The calculator turns an abstract security rule into a number you can act on, which makes policy decisions easier and faster.

• • Make length rules visible: Show a team that moving the minimum from 8 to 12 characters multiplies the keyspace by 26^4 in the all-lowercase case and by N^4 for the chosen pool.
• • Compare pool choices: Quantify how much each new character class contributes to the keyspace instead of relying on a vague 'add complexity' slogan.
• • Translate entropy to attack time: Pair the bit count with a guess rate to get hours, days, or years of expected work, which is what auditors and threat models actually need.
• • Pick the cheapest policy that holds: Use the calculator to find the smallest pool and length that still exceed a target entropy, instead of forcing every account to memorize 20 random characters.
• • Explain the math to non-specialists: Show stakeholders the actual formula N^L and a worked example so password rules stop being a black box.

A single uniform guess matches with probability 1 / N^L, and the probability calculator turns that small probability into a clear fraction or percentage.

The combination count is sensitive to the size of the pool, the length of the password, and whether the policy allows repeated characters.

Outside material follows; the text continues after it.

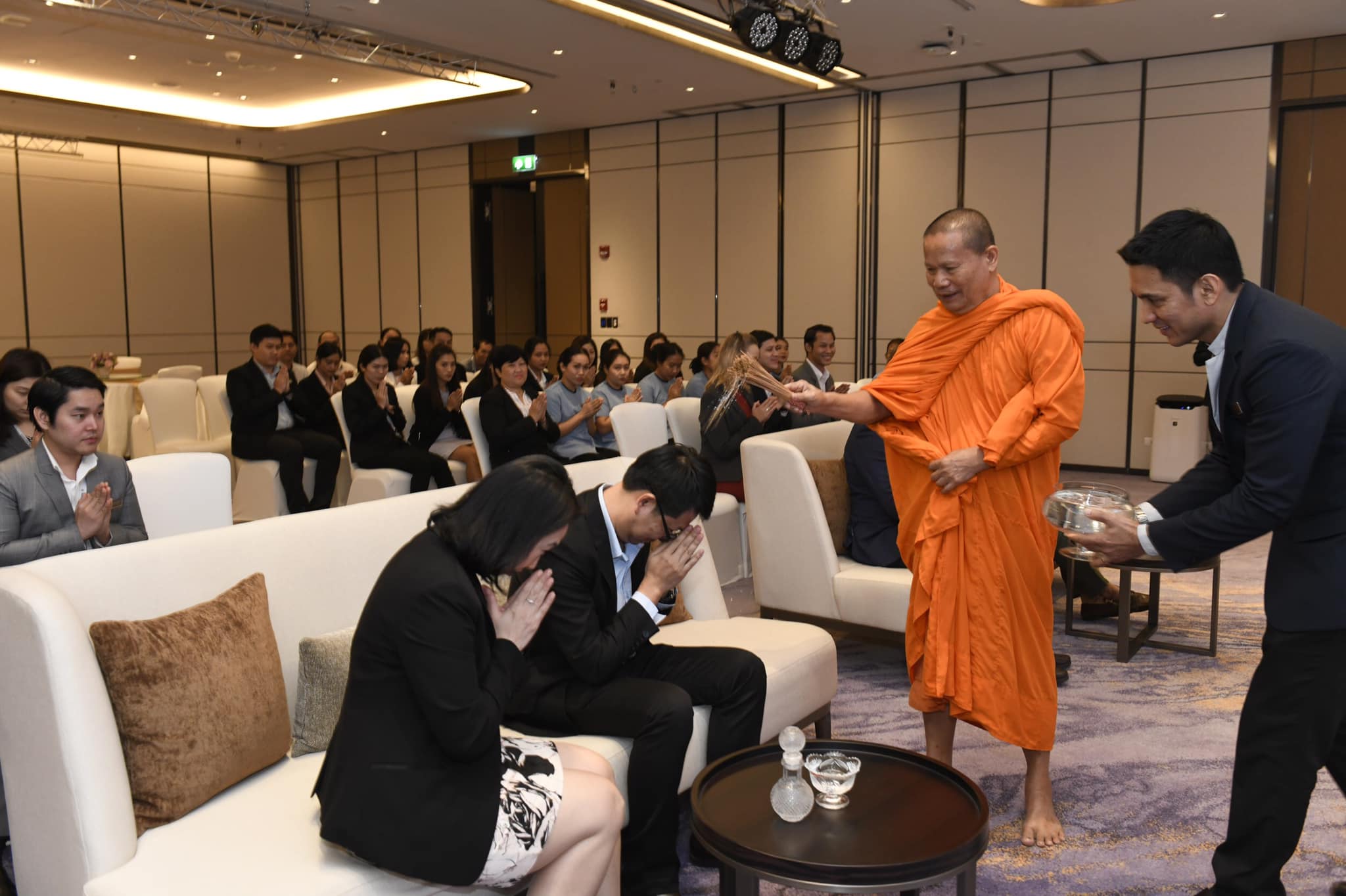Careers at Carlton Hotel Bangkok Sukhumvit - In the company of our ...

• • The N^L keyspace and the L * log2(N) entropy figure assume the password is chosen uniformly at random from the pool. Real users pick from a much smaller effective pool, so the true attack cost is usually far below the calculator's number. NIST SP 800-63B uses L * log2(N) only for randomly chosen memorized secrets, not for human-chosen passwords.
• • Brute-force time assumes the attacker can run at the chosen guess rate for the full duration. Real systems use rate limiting, account lockouts, hashed and salted storage, and hardware security modules that change the effective cost by many orders of magnitude and are not part of the keyspace calculation.

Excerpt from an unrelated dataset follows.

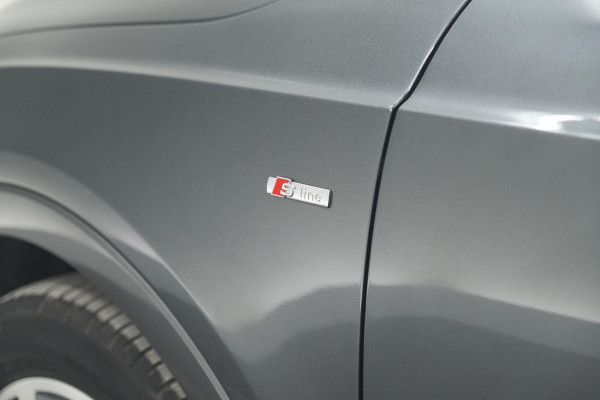 Audi Q3 1.4 TFSI CoD Sport S Line Edition | Parkeersensoren | Navigatie | Climate Control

According to Wikipedia Password Strength, password entropy in bits for a password chosen uniformly at random from a pool of N characters and length L is H = L * log2(N), and the average number of brute-force guesses needed to find such a password is N^L / 2

If you need the probability that at least k of L independent positions fall in a chosen character class, the binomial distribution calculator evaluates the underlying binomial sum.